By necessity, having little research money, Tversky and Kahneman changed the nature of psychological research, taking it out of the sterile laboratory environment and into the real world. They recruited university students, people in shopping malls, anywhere they could find them, and asked them simple questions, using nothing more than a clipboard and pen. But they spent hours formulating the questions.

They proved that most people misunderstand probability, but they do so in a predictable way. A famous question they asked was about Linda. They gave some information about her: 31 years old, single, outspoken, very bright, college graduate, deeply concerned about discrimination and social justice, etc. They then asked which of the following was more likely:

  1. Linda is a bank teller, or
  2. Linda is a bank teller and active in the feminist movement.

Most people selected “b” to be more likely than “a”. Although probability theory tells us that the probability for two or more conjoined events can never be more than the probability for one of those single events, our internal biases tell us otherwise.

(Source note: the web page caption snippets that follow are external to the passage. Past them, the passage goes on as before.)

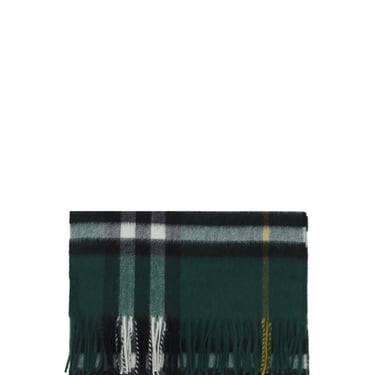 Burberry Women Cashmere Scarf
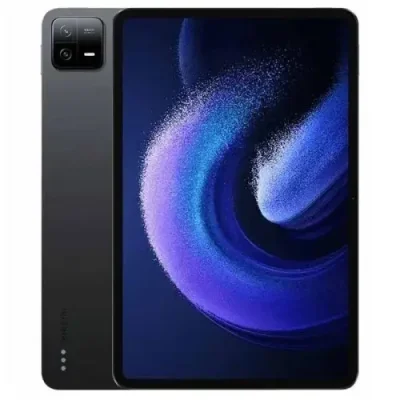 Планшет Xiaomi Pad 6 6/128Gb серый / Xiaomi Pad 6 | Электроника | V4.Ru: Маркетплейс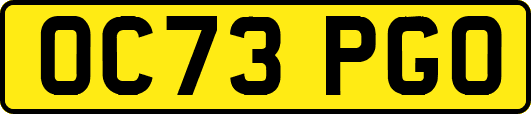 OC73PGO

In a series of experiments, they went on to show that humans value losses more than they value gains. For example, the majority of subjects preferred a guaranteed $1,000 rather than a 50% chance to win $2,500 or get nothing. That would, on the face of it, be a perfectly rational position, but when asked if they would prefer a certain loss of $1,000 against a 50% chance of losing $2,500 or losing nothing, they chose the riskier option. People’s choices are not symmetrical; they are biased, but biased in a predictable way. Or as Dan Ariely said in his 2008 book of the same name, we are “predictably Irrational”.

And this brings me back to the BIT study. It is admirable that research is being commissioned that looks at humans as we are and how we might react to something, rather than a simplistic approach that we will always act in a rational manner. Politicians, regulators and some in the media who might believe that simplistic solutions will solve problems would do better if they read some of the research papers of Tversky and Kahneman and the work that followed.